The problem:
Starting with the first line and ending with the one that holds "Men's Large Size", retype the entries exactly.

───── Input data ─────

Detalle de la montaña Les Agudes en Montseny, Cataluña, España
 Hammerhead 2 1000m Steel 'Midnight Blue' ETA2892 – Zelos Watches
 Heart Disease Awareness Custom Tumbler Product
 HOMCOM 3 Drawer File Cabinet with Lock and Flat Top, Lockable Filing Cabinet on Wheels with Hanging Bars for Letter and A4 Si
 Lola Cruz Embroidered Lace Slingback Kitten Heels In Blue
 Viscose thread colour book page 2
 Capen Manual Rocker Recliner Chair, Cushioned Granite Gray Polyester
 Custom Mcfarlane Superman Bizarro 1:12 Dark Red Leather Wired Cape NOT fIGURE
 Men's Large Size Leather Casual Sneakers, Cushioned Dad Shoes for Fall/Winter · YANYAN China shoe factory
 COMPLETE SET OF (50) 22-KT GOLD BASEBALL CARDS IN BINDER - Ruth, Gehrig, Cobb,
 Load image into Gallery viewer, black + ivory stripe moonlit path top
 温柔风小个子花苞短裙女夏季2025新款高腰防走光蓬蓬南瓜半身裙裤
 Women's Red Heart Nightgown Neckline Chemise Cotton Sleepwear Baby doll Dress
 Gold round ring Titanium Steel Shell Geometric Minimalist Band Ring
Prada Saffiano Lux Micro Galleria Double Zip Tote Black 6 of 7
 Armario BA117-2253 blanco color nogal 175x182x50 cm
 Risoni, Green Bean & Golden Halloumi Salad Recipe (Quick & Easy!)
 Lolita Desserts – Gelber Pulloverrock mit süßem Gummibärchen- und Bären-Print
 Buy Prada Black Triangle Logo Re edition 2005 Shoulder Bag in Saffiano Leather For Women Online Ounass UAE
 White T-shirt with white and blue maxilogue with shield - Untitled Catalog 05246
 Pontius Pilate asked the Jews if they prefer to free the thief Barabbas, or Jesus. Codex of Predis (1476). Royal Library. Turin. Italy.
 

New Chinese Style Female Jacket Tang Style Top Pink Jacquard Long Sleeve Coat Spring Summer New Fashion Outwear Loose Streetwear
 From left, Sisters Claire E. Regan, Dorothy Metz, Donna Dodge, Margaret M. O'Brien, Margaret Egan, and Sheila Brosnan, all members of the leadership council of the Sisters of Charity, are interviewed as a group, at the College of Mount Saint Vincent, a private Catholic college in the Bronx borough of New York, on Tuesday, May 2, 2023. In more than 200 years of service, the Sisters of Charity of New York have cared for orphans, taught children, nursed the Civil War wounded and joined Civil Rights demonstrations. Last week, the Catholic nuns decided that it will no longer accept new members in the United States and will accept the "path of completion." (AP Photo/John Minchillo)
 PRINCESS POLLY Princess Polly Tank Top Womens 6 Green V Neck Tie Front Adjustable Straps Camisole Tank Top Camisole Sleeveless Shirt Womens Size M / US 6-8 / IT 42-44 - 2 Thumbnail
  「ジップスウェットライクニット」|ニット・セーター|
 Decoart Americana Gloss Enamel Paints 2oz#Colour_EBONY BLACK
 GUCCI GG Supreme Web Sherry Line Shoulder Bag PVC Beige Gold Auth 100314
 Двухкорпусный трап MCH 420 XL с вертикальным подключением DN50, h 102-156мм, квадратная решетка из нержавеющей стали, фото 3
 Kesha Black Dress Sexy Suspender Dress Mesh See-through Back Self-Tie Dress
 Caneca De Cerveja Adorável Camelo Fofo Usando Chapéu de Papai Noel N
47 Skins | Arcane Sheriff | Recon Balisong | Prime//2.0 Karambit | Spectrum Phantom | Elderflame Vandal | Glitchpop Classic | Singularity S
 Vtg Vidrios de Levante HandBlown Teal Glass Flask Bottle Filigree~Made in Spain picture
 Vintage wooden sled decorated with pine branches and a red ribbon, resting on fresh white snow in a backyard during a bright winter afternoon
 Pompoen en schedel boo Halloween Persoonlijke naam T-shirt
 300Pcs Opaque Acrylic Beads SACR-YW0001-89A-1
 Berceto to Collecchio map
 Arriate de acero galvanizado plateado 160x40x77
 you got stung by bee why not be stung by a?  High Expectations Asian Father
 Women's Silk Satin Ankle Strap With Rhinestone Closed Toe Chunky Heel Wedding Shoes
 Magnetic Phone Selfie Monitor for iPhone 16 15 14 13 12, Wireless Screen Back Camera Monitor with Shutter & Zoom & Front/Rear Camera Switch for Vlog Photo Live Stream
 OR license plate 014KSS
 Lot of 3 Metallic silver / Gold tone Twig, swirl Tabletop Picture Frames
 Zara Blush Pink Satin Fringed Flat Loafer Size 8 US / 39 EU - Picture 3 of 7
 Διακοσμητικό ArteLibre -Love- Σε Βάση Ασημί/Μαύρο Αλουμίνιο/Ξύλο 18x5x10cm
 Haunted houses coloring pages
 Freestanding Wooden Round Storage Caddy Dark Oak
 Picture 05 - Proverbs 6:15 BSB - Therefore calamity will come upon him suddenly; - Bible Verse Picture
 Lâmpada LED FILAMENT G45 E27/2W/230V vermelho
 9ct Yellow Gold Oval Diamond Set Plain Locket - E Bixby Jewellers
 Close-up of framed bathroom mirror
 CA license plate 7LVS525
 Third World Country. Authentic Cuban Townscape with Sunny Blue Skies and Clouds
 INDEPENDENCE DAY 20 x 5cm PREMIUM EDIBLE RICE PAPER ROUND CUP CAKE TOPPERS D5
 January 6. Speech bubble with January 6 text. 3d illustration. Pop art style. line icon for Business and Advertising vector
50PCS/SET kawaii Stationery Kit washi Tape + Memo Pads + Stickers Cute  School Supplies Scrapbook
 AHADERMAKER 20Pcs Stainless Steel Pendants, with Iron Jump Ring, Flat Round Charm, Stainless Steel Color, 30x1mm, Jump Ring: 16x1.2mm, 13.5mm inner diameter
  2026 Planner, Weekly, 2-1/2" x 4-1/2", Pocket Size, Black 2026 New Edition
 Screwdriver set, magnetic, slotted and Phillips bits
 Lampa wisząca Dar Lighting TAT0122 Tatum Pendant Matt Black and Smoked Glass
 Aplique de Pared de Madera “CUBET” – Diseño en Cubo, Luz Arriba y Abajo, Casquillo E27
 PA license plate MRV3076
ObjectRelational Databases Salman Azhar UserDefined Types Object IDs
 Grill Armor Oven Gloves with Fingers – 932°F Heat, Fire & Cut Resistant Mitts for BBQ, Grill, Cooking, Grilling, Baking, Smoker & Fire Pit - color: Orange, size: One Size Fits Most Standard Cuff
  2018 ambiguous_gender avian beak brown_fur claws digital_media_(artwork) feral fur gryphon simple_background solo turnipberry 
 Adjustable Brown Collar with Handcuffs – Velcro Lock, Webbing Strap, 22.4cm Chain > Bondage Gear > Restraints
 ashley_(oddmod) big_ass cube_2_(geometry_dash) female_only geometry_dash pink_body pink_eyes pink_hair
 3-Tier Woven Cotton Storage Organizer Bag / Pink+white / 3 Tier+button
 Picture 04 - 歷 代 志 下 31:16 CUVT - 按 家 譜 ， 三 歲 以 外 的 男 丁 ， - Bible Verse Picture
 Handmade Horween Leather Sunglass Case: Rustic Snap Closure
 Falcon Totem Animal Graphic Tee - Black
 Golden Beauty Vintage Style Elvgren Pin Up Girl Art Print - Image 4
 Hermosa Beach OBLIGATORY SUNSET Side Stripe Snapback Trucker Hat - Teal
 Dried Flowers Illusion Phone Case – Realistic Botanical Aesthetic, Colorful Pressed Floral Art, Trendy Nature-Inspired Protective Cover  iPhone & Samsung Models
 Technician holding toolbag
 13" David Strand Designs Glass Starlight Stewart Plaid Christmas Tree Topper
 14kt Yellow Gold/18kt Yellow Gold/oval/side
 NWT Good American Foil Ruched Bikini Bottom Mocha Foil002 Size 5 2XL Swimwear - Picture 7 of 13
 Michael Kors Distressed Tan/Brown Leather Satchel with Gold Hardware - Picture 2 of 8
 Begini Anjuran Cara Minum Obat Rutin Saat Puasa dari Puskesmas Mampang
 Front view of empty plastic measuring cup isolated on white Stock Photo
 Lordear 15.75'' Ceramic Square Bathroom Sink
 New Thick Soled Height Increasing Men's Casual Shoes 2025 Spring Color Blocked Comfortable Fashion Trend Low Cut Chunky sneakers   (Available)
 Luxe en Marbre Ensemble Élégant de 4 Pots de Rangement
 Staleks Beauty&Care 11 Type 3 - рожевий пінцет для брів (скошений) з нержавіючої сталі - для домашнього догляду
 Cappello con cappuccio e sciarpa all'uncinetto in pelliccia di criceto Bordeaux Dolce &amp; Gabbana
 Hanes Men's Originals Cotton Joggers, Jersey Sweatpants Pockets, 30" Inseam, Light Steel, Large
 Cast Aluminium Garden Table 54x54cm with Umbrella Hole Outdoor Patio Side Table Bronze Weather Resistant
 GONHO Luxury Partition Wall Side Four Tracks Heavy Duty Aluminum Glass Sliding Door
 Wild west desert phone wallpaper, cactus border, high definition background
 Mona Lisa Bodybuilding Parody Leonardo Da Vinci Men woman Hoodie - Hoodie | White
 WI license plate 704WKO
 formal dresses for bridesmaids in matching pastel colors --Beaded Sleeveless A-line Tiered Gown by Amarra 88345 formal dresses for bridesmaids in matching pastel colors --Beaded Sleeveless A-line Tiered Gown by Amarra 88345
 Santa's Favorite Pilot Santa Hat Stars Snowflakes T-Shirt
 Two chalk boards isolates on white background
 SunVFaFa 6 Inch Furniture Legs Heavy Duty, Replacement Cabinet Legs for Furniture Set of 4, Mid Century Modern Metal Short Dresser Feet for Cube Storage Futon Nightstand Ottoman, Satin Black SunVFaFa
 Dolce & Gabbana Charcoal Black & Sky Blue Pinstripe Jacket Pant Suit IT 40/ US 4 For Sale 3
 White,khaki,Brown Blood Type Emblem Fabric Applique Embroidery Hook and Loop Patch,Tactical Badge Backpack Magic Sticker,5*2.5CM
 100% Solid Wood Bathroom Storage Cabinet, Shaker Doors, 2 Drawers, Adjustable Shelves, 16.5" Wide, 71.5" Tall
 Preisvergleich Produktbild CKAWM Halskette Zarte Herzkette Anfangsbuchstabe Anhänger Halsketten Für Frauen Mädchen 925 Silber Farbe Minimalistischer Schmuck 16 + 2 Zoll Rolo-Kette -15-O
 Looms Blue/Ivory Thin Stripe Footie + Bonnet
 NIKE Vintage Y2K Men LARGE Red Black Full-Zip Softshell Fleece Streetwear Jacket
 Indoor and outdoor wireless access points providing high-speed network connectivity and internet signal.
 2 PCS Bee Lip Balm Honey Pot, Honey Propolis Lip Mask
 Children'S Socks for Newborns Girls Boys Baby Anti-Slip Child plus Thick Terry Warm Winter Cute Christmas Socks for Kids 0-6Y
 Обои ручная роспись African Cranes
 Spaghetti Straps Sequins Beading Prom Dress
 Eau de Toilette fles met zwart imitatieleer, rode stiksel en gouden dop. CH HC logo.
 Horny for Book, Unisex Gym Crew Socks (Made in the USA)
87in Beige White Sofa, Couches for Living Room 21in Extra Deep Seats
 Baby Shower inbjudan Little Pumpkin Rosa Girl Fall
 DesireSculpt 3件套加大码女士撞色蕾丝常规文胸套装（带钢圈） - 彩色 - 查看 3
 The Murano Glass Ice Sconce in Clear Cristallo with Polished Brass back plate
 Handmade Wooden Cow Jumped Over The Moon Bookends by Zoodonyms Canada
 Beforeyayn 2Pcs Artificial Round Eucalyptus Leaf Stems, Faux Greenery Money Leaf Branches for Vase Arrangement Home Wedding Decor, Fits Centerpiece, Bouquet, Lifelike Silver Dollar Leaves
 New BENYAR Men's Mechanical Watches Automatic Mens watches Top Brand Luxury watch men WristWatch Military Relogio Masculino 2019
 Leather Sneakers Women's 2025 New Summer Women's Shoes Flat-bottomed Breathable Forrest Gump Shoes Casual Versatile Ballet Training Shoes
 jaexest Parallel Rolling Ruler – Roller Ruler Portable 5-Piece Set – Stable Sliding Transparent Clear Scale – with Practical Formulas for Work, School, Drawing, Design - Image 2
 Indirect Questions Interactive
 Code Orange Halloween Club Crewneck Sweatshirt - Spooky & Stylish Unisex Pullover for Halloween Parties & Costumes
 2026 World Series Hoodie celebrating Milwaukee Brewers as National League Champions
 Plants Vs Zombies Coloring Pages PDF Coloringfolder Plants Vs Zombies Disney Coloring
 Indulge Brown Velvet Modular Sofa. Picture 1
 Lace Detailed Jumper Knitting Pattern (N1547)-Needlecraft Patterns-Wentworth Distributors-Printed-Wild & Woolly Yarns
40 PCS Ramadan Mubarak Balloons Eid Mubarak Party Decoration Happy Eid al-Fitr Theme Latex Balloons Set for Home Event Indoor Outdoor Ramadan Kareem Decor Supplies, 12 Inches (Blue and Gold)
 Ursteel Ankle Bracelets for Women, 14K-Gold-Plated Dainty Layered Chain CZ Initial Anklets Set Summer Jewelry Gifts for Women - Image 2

─────

Your response:
Detalle de la montaña Les Agudes en Montseny, Cataluña, España
 Hammerhead 2 1000m Steel 'Midnight Blue' ETA2892 – Zelos Watches
 Heart Disease Awareness Custom Tumbler Product
 HOMCOM 3 Drawer File Cabinet with Lock and Flat Top, Lockable Filing Cabinet on Wheels with Hanging Bars for Letter and A4 Si
 Lola Cruz Embroidered Lace Slingback Kitten Heels In Blue
 Viscose thread colour book page 2
 Capen Manual Rocker Recliner Chair, Cushioned Granite Gray Polyester
 Custom Mcfarlane Superman Bizarro 1:12 Dark Red Leather Wired Cape NOT fIGURE
 Men's Large Size Leather Casual Sneakers, Cushioned Dad Shoes for Fall/Winter · YANYAN China shoe factory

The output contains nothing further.